Yo aborté a los 21 años, en un consultorio clandestino, con un doctor machista que cuestionó mi sexualidad, y sola, en silencio, solo esperaba que todo terminara para sentirme aliviada, respirar profundo y retomar mi vida.
Yo aborté en un país que criminaliza el aborto, que me trata como delincuente, que me grita asesina e intenta meterme presa, meterme miedo, meterse en mi vida, como si alguien, desde afuera, tuviera que decidir por mí, decidirme por dentro, como si yo no tuviera ningún derecho a hacerlo.
Yo aborté en un país que prefiere que niñas y adolescentes mueran todos los días, porque todos los días abortan mil mujeres, que prefiere que 35 mil adolescentes al año sean madres a la fuerza, que prefiere encadenar a las mujeres a la pobreza antes que dejarlas libres, antes que permitirles autonomía, antes que dejarlas decidir.
Yo aborté en un país que tiene más reparos en un violador que en una niña, y que obliga a esta a ser madre de su hermano, de su sobrino, de su pariente; y que ha naturalizado tanto esta violencia que a pocos les importa denunciar al violador o que vaya preso.

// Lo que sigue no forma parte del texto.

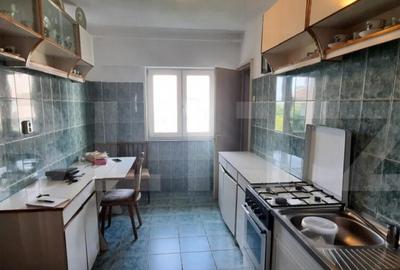 Apartament cu 2 camere decomandat, mobilat în Carpați 2 - 1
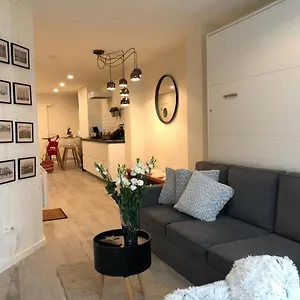 Snug In With Terrace Appartement
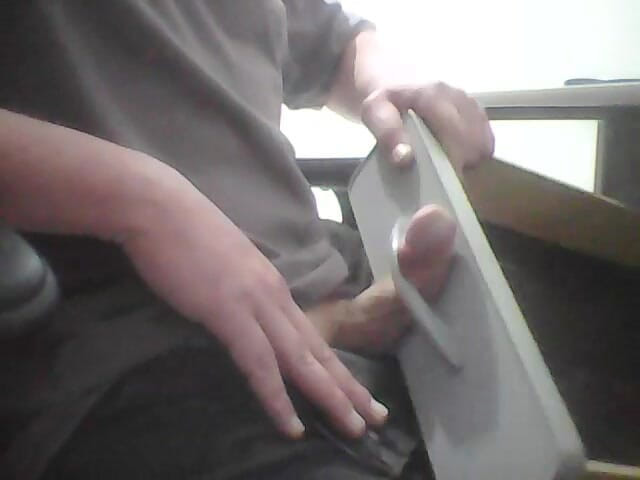 The silent one: Mencari Sesuatu dalam lapar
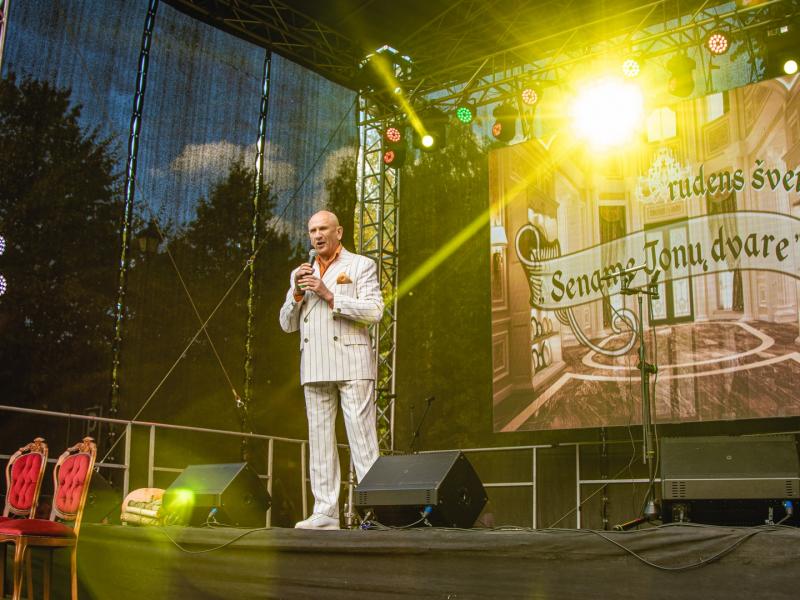 Rudens šventė „SENAME JONŲ DVARE"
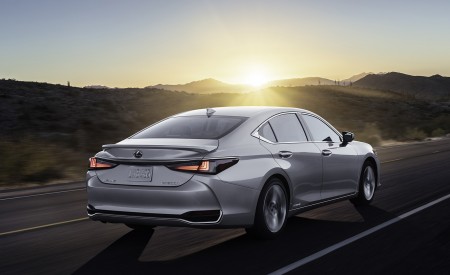 2022 Lexus ES Rear Three-Quarter Wallpapers 450x275 (3)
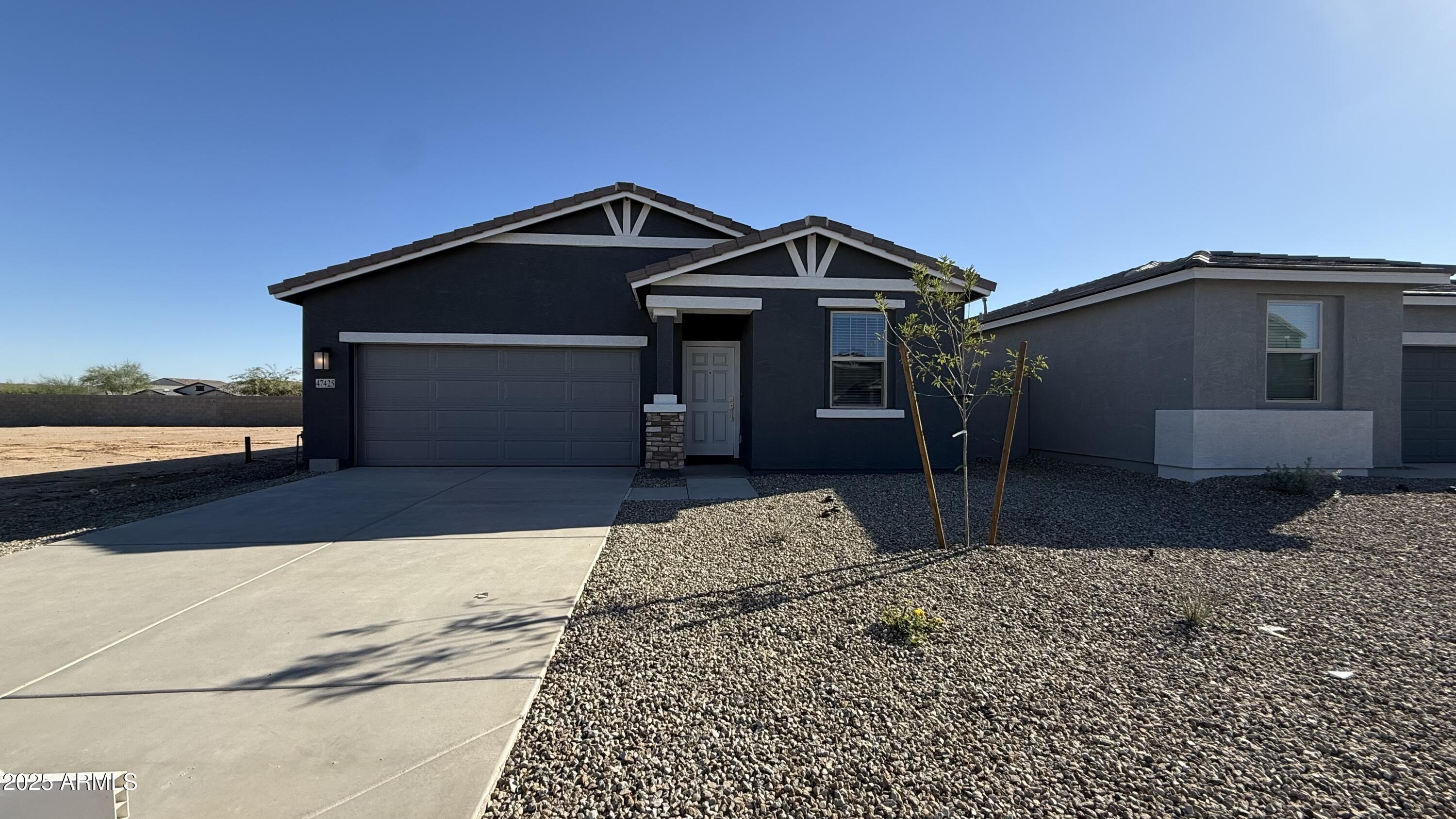 47425 W KENNER Drive
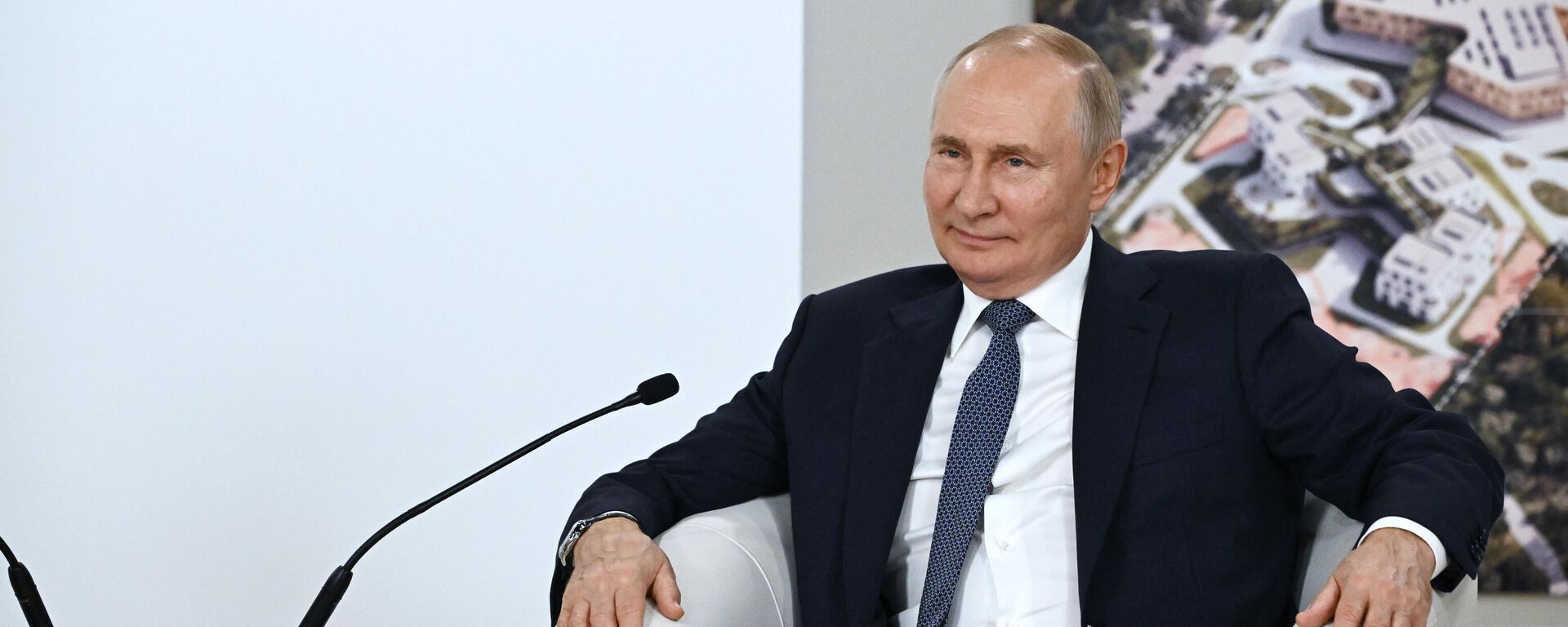 Vladímir Putin, el presidente ruso, visita el Liceo Presidencial de Sirio, Sochi, el 4 de octubre de 2023  - Sputnik Mundo, 1920, 04.10.2023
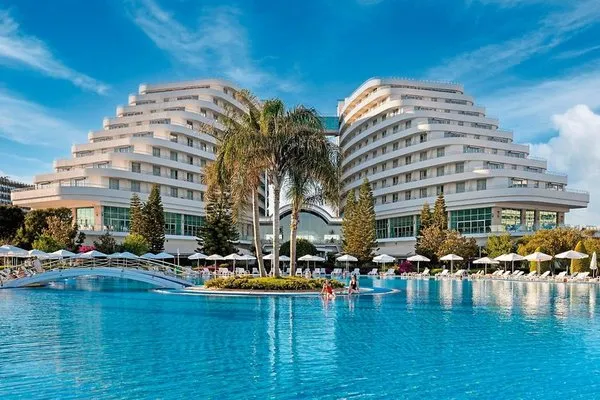 Miracle Resort Hotel
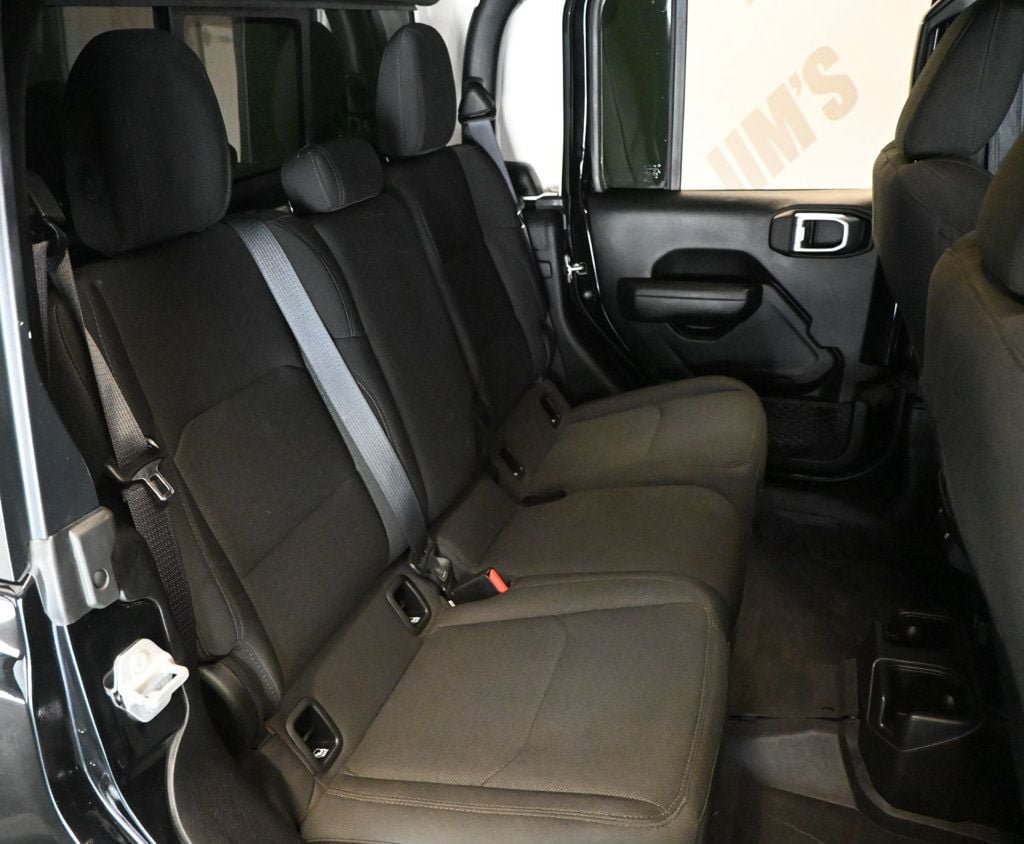 Used 2023 Jeep Gladiator Sport AWD/4WD image 25
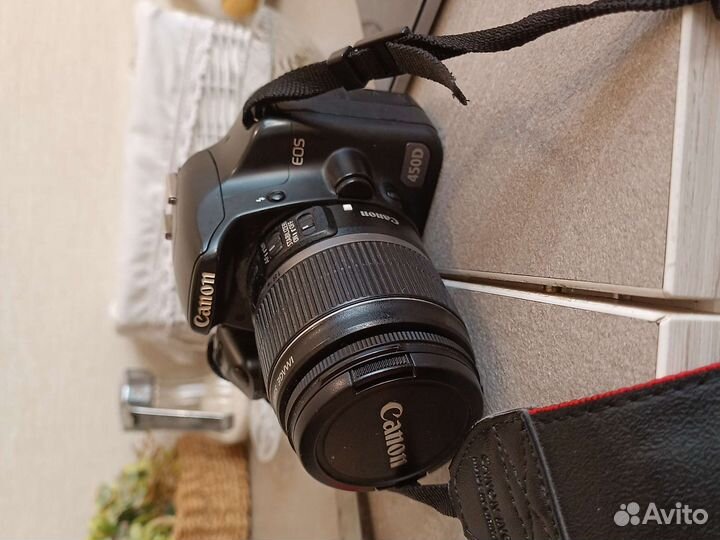 Зеркальный фотоаппарат canon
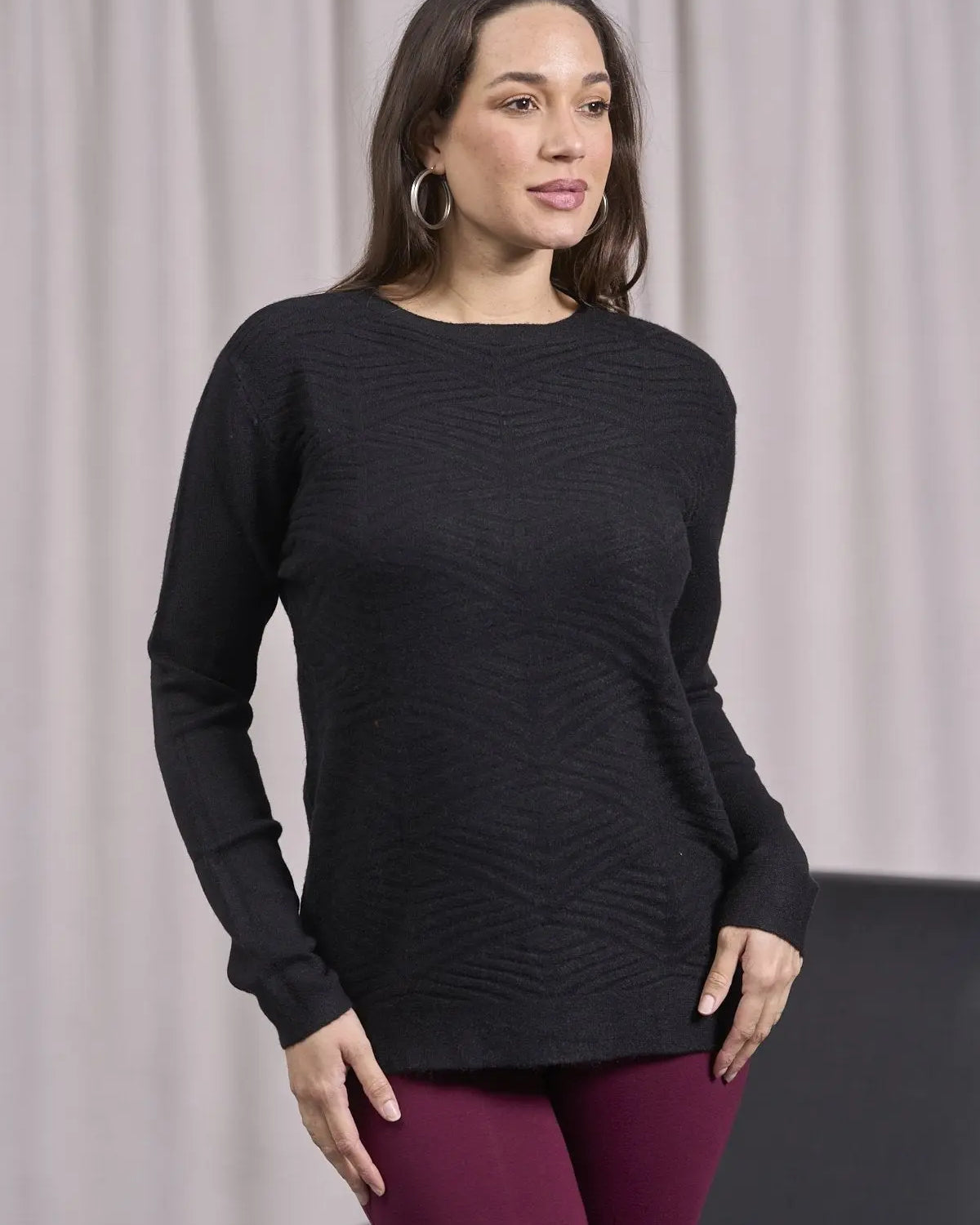 Maglia a girocollo con motivo frontale NERO DORABELLA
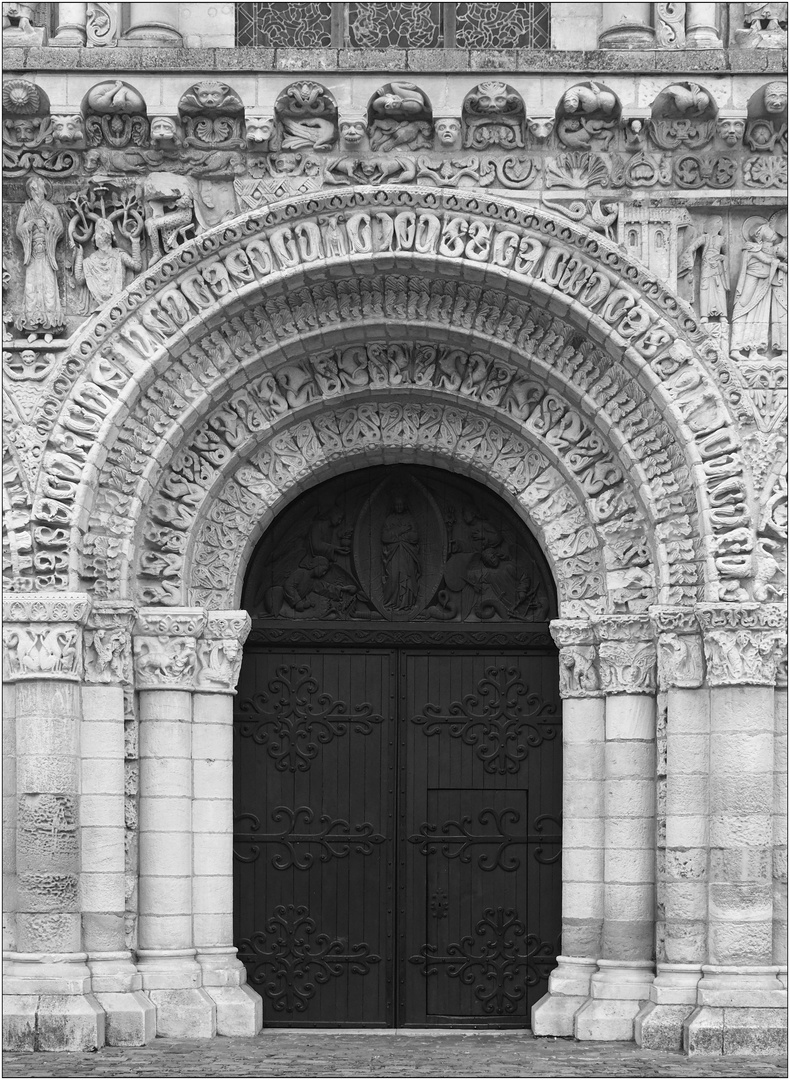 Porte principale et tympan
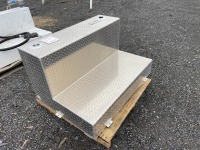 DeeZee 75 Gallon L-Shaped Transfer Tank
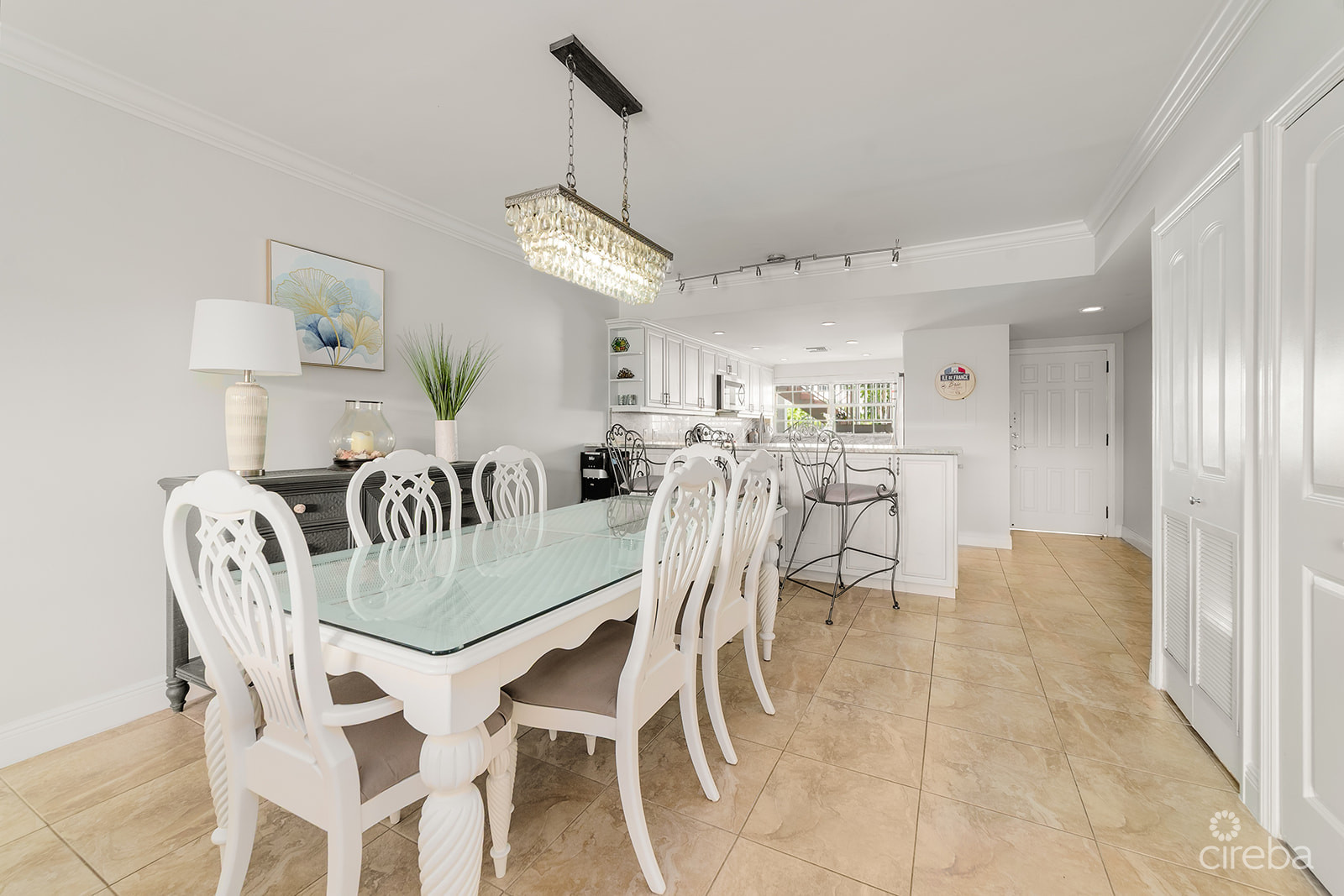 BRITANNIA LIONS COURT  UNIT #213 - 1-BEDROOM GARDEN VIEW CONDO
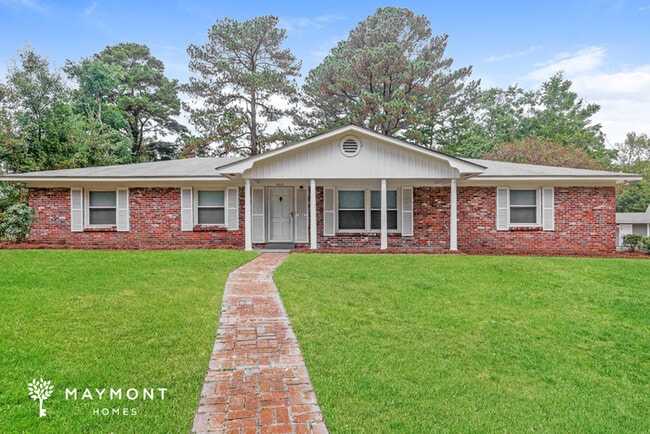 property at 463 Pemberton Dr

Yo aborté, como millones de mujeres en el mundo, compartiendo la experiencia de miedo y de vergüenza con todas ellas, y hoy no siento ni miedo ni vergüenza, siento un orgullo que me abraza, me hace más fuerte, me señala el camino y me indica cómo vivir: abrazando a mis hermanas que abortan, amándolas, sintiéndome orgullosa de ellas y uniendo mi corazón al suyo.